EXERCISE MATERIAL
------------------------------------------------------------

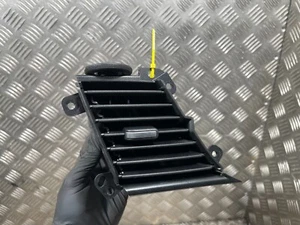 IVECO DAILY MK6 2015-On 2.3 Air Vent Central Left N/S Passenger Side 5802886069 - Picture 1 of 7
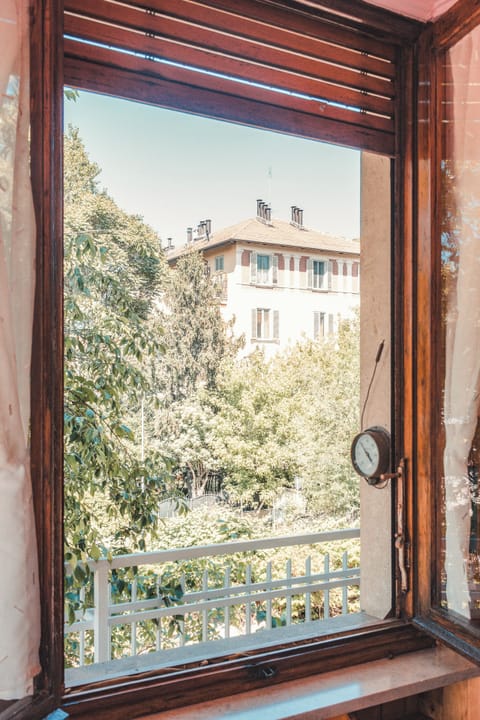 Apartment, Balcony, City View | Interior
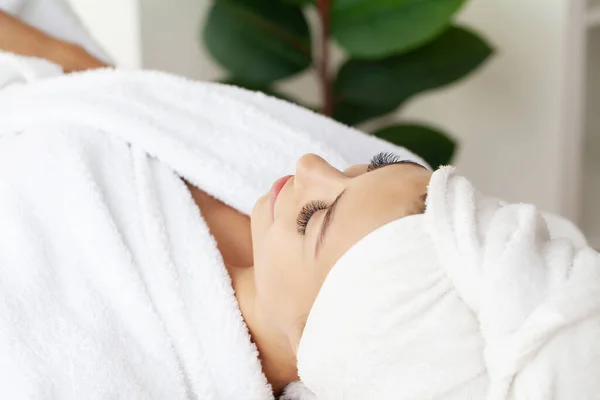 Belle Fille Massage Facial Dans Une Clinique Beauté — Photo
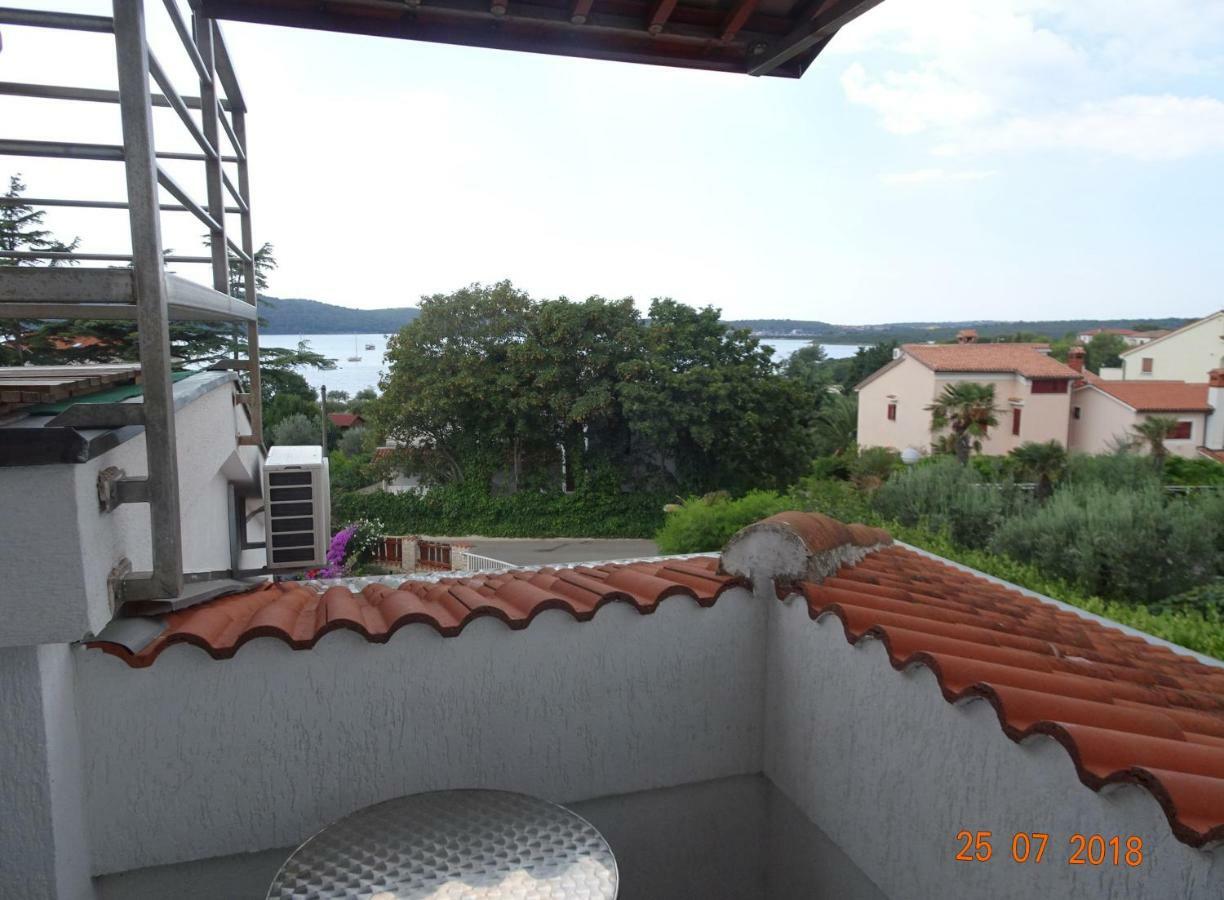 Casa Bianca Apartment เมดูลิน ภายนอก รูปภาพ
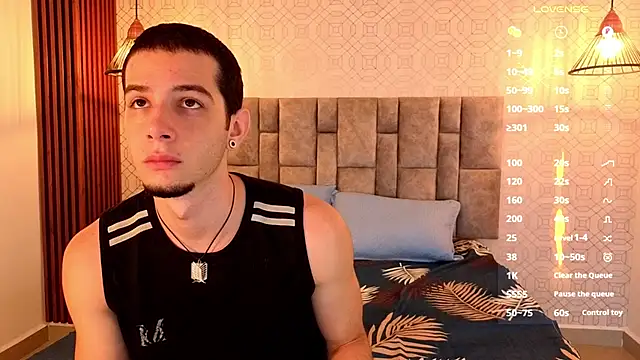 Snapshot of isaacblaze_ chatting on June 12, 4:11 am isaacblaze online show from June 12, 4:11 am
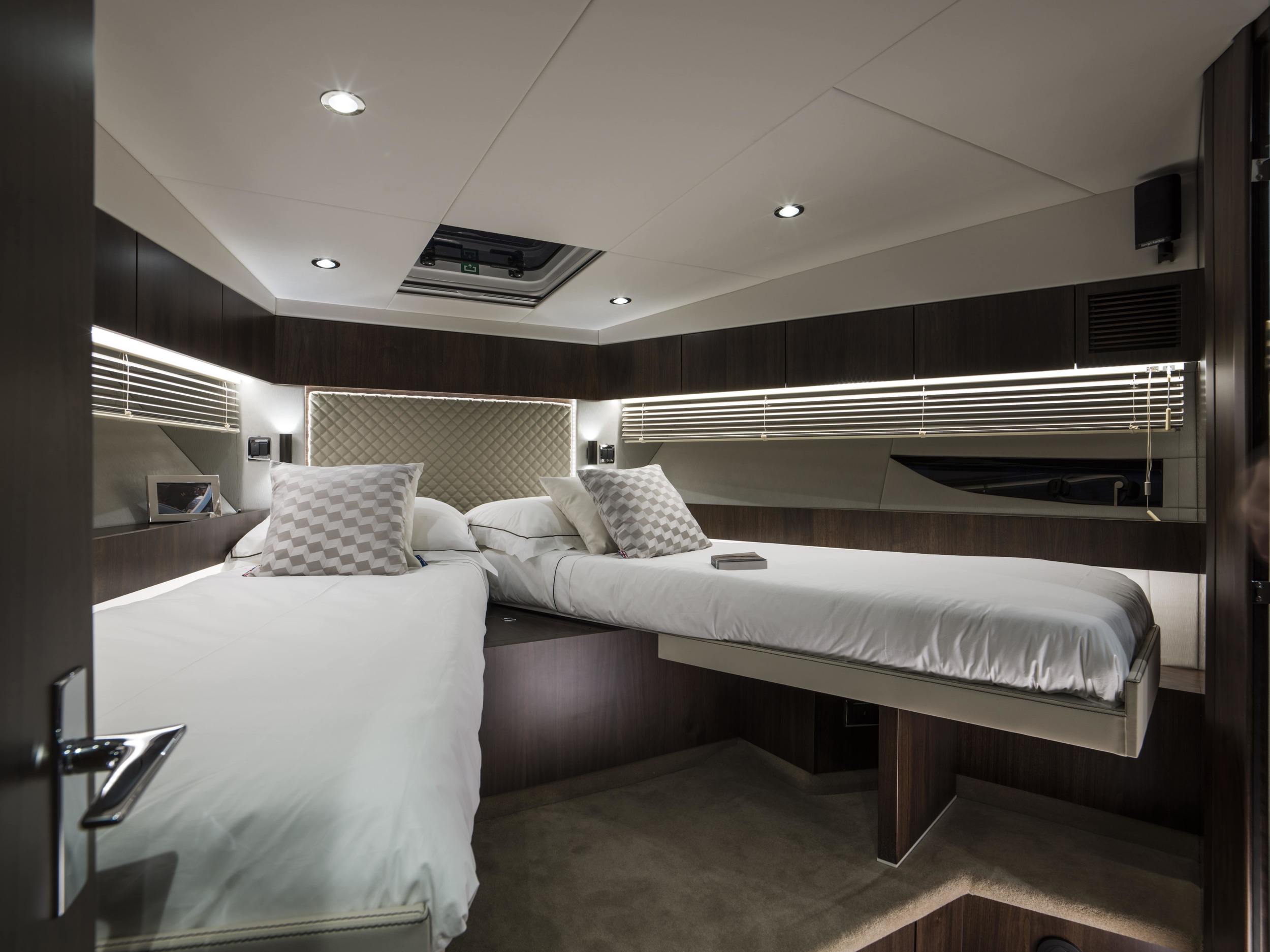 Fairline Squadron 50 — foto 14 van 52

------------------------------------------------------------

YOUR INSTRUCTIONS
Please reproduce, exactly and only, the lines from the line containing "Casa Bianca Apartment เมดูลิน ภายนอก รูปภาพ" through the last line of the material above, minus any pictures.

SOLUTION FOR THIS EXERCISE
 Casa Bianca Apartment เมดูลิน ภายนอก รูปภาพ
 Snapshot of isaacblaze_ chatting on June 12, 4:11 am isaacblaze online show from June 12, 4:11 am
 Fairline Squadron 50 — foto 14 van 52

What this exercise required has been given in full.